Animations were created by functions from package grid
to layout ggplots to one figure, and function saveGIF
from package animation
to create the final GIF. Here there are:
We can see the behavior of GAMs on two times series from two different types of industries: commercial property and light industrial. Notice (look), that fitted values and forecasts are smoother than where were with Multiple linear regression from the previous post. It’s good information to know, it implies that our model isn’t overfitted. On the other hand, I also compared forecast performance of GAM and MLR, but GAM was slightly worse than MLR, which can be a little bit surprising for somebody. Seems that usage of penalized least squares (GAM) for forecasting time series doesn’t bring improvement against classical OLS (MLR). But there are other advantages, which I will point out in the end.
Another animation, which I created, is a 3D visualization of fitted values like a surface. As I showed you before, it can be done very easily by function vis.gam
.
We can compare it with the first dashboard because again it’s time series from commercial properties. EDF is also printed to the title of GIF for reasons to see how it changes depending on the behavior of electricity consumption.
With this, I would like to end the main part of this tutorial and conclude it with some remarks.
In the beginning of the post, motivation and the theory behind GAM method was introduced.

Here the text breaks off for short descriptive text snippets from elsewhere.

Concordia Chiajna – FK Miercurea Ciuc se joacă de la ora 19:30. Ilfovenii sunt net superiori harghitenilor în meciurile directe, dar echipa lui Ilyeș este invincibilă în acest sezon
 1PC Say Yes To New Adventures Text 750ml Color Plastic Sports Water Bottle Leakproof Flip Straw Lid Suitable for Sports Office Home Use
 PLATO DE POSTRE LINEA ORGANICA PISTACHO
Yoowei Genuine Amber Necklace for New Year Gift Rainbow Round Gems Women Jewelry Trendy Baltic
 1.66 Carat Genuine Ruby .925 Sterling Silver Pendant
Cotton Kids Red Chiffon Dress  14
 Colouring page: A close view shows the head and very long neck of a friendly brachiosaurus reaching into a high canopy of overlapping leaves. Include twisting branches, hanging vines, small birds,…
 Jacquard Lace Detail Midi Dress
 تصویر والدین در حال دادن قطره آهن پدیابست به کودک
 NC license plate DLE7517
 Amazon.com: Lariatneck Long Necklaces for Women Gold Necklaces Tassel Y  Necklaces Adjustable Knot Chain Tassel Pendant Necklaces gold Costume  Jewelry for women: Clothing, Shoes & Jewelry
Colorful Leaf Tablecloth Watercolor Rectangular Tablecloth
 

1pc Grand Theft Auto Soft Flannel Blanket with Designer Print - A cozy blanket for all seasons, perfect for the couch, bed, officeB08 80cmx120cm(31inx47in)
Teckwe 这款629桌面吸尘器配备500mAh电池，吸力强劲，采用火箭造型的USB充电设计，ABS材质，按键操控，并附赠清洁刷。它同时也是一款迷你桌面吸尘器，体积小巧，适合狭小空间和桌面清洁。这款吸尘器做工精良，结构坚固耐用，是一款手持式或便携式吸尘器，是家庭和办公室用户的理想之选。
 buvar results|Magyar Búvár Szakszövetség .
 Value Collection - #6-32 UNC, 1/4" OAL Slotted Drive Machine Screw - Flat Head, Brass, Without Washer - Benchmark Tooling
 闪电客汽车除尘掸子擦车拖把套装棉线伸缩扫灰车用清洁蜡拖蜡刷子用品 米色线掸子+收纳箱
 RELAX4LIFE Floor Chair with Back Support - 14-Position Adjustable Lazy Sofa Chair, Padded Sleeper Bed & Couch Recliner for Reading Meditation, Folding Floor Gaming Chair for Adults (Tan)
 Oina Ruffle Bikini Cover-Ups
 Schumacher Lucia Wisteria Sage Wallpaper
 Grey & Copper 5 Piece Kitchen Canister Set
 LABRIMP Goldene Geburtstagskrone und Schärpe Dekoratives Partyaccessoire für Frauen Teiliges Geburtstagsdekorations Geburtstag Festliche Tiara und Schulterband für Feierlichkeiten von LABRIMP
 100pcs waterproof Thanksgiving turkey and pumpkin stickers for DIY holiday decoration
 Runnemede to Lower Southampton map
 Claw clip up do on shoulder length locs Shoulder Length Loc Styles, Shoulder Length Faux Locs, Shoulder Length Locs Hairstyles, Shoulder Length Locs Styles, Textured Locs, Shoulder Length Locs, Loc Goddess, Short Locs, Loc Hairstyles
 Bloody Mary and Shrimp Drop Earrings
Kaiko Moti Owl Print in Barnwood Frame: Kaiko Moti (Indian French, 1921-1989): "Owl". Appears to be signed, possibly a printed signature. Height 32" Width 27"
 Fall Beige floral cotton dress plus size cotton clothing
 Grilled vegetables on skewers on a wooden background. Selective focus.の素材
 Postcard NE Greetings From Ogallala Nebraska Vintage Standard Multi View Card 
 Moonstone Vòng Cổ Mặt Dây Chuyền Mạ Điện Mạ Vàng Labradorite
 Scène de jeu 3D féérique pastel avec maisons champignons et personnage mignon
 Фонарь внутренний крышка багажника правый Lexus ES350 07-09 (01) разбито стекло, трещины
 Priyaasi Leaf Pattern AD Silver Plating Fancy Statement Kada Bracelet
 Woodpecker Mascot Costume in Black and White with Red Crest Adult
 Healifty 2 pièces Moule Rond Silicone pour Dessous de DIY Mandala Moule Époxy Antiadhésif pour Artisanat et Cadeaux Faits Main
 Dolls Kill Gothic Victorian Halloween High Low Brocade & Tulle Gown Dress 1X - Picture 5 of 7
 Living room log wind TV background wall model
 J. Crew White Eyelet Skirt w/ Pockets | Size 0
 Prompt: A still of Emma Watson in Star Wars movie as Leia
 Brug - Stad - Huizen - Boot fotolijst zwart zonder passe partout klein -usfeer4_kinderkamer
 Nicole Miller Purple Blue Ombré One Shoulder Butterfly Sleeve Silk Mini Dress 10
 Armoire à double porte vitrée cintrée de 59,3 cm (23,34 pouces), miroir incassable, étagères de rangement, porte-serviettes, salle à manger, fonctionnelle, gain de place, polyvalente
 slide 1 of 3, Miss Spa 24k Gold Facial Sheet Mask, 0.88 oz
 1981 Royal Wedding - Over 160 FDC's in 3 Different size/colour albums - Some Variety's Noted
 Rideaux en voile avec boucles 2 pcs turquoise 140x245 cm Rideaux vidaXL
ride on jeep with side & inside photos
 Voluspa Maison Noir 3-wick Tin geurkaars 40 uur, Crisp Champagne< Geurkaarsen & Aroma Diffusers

Next, the analytical (“magical”) part continued with explaining various features of the package mgcv
. Different types of interactions were showed and analyzed - best chose was tensor product interactions (t2
). Next, consideration about the correctness of an autoregressive model (or ARMA) for errors was discussed - ended with an open question. In the end, I tried to make a big view of a behavior of GAMs by animations of its performance on double seasonal time series.
Everything that was said implies these advantages and disadvantages of using GAM for your problem:
Advantages:
-
Many possibilities how to model your independent variables (many types of smooth functions).
-
Model response variable by all known distribution families (Normal, Gamma, Poisson etc.).
-
Define interactions by tensor product, which means usage of different basis functions for interacted variables.
-
Test statistical significance of a non-linear relationship of the independent variable to dependent.
Disadvantages:
-
Complex method, difficult to learn.
-
It’s sometimes difficult to interpret results.
-
Several parameters to tune, which have to be set carefully.
In the future post, I want to focus on some machine learning method like Support Vector Regression or Regression Trees with alongside of grid search for tuning parameters.
The script (3post-GAM.R) for a creation of the whole tutorial is located on my GitHub repository. I would like to encourage you to add any feedback to the discussion below. Thank you for reading this long post.